◆ REQUIRED ACTION: Your copy should match the entries exactly, with no images carried over.

[Brief descriptive captions]
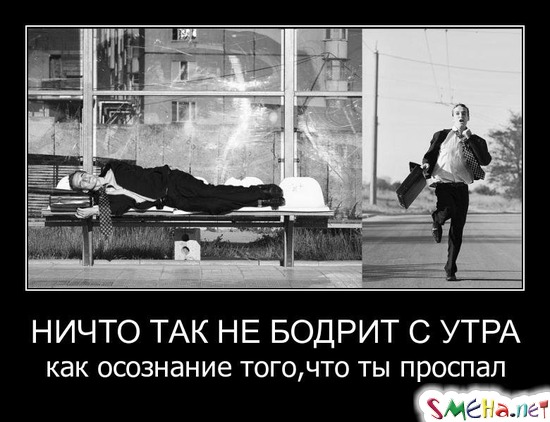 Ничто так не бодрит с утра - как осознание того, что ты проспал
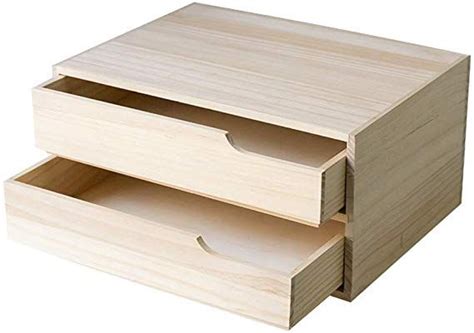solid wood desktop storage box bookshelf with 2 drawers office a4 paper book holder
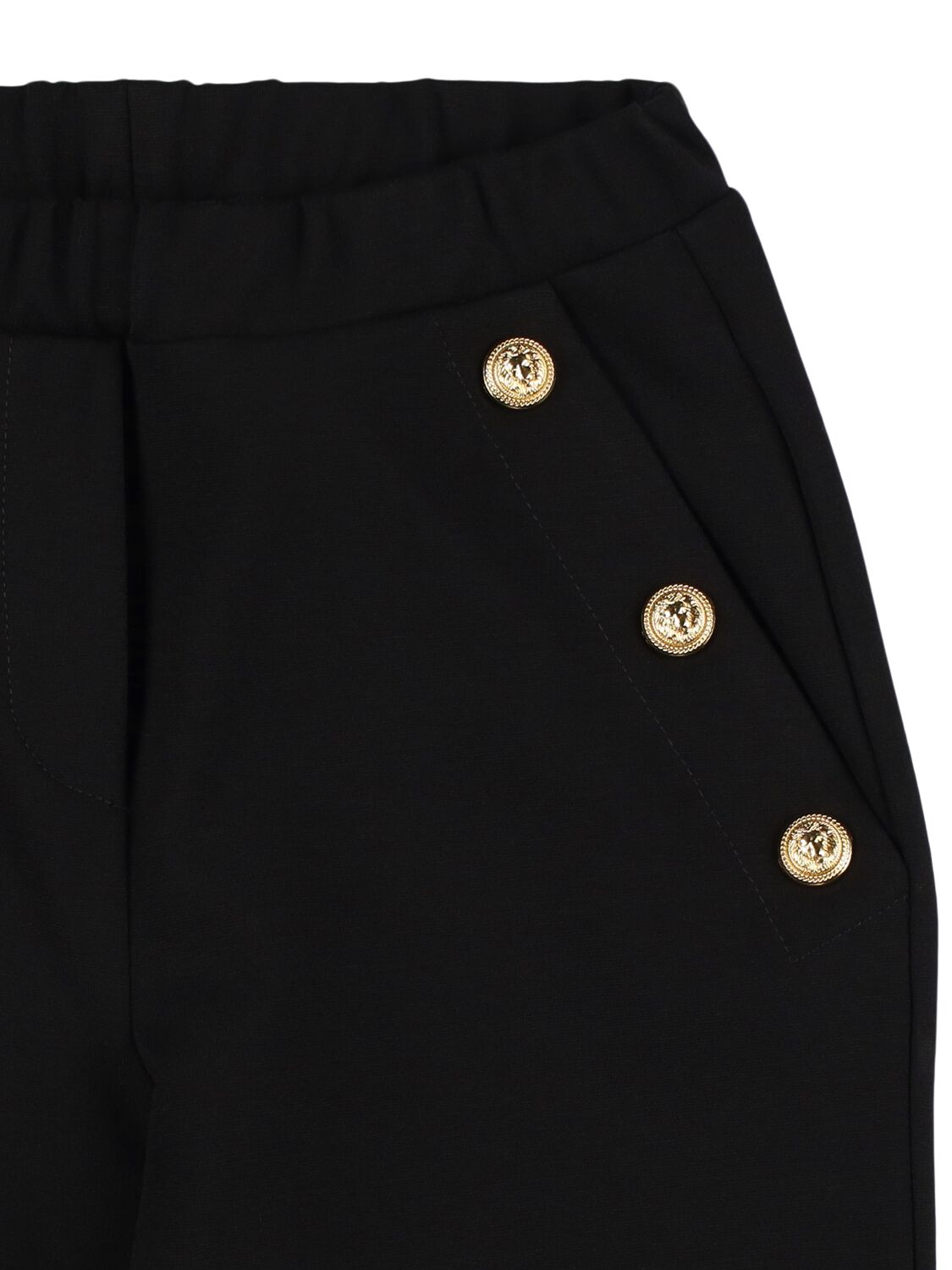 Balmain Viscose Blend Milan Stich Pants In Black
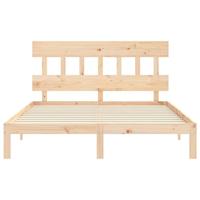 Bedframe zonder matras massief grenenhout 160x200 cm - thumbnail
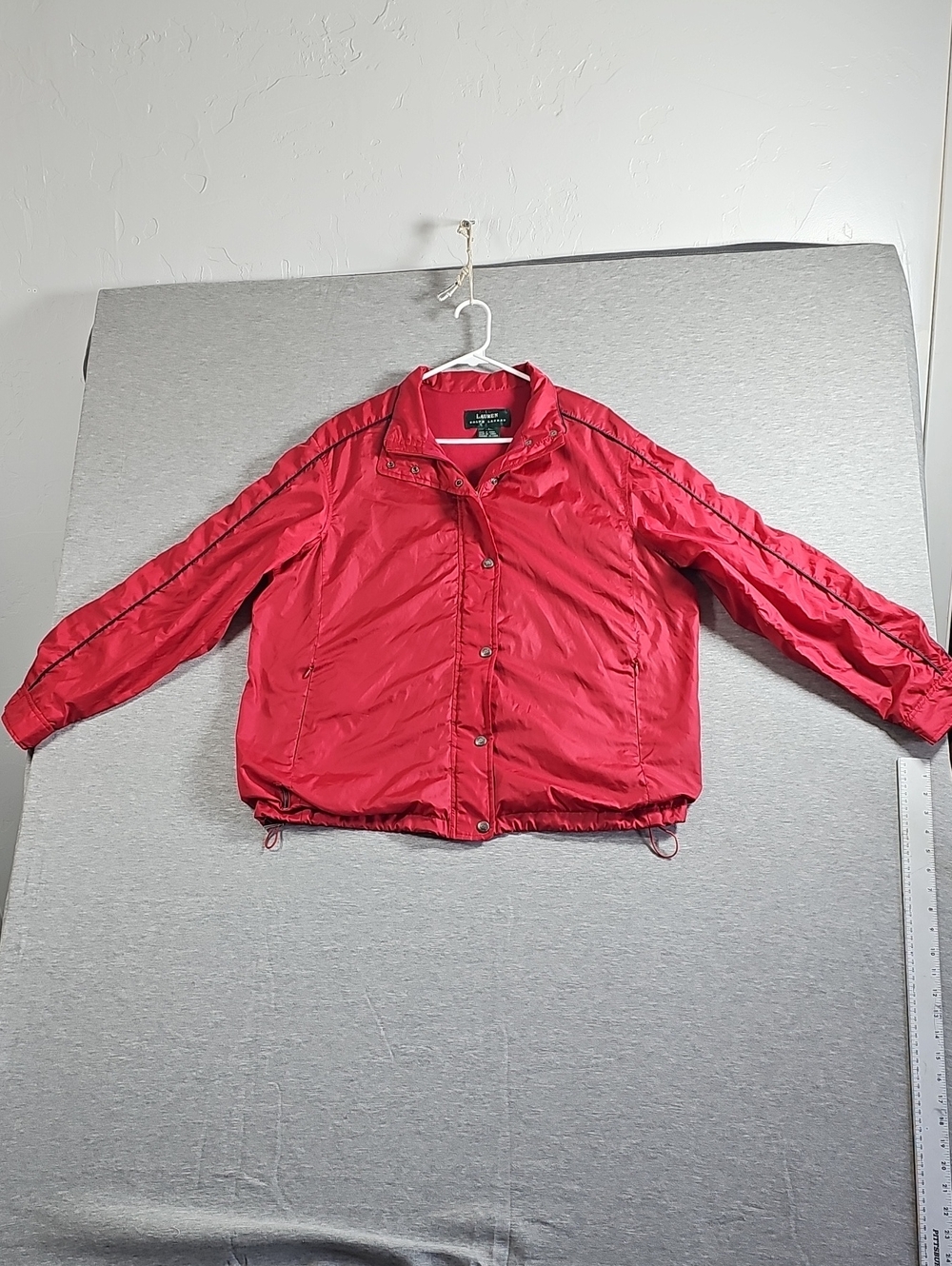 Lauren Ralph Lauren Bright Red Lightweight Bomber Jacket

◆ ANSWER SPACE:
 Ничто так не бодрит с утра - как осознание того, что ты проспал
solid wood desktop storage box bookshelf with 2 drawers office a4 paper book holder
 Balmain Viscose Blend Milan Stich Pants In Black
 Bedframe zonder matras massief grenenhout 160x200 cm - thumbnail
 Lauren Ralph Lauren Bright Red Lightweight Bomber Jacket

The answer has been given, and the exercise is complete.